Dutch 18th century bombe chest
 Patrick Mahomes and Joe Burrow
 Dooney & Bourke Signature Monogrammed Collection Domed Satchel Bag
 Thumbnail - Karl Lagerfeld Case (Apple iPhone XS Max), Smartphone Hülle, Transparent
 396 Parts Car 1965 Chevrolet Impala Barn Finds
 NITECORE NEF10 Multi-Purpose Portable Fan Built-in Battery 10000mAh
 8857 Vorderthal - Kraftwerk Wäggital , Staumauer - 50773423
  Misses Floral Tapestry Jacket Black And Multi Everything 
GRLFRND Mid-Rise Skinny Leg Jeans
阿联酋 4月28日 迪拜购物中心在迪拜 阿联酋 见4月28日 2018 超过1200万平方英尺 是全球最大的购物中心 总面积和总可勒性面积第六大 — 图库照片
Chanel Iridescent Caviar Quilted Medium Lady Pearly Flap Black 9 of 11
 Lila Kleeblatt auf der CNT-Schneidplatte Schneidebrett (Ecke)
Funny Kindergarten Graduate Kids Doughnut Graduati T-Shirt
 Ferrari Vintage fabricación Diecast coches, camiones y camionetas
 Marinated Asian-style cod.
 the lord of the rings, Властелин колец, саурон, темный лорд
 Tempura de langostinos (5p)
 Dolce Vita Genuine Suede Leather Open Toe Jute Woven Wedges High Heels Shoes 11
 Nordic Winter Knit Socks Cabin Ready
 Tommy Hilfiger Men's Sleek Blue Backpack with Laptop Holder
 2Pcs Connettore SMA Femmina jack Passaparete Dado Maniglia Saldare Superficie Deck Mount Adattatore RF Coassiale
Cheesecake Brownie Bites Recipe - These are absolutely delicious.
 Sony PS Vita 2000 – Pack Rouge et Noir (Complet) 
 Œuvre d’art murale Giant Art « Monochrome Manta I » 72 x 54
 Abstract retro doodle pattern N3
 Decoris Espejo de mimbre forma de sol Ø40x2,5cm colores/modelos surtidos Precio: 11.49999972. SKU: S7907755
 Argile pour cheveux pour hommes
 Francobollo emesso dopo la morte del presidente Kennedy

* * * * *

• [Assigned task]: In the listing above, find each line with the word "Multi" and copy it out.

• [Exercise result]:
 NITECORE NEF10 Multi-Purpose Portable Fan Built-in Battery 10000mAh
  Misses Floral Tapestry Jacket Black And Multi Everything 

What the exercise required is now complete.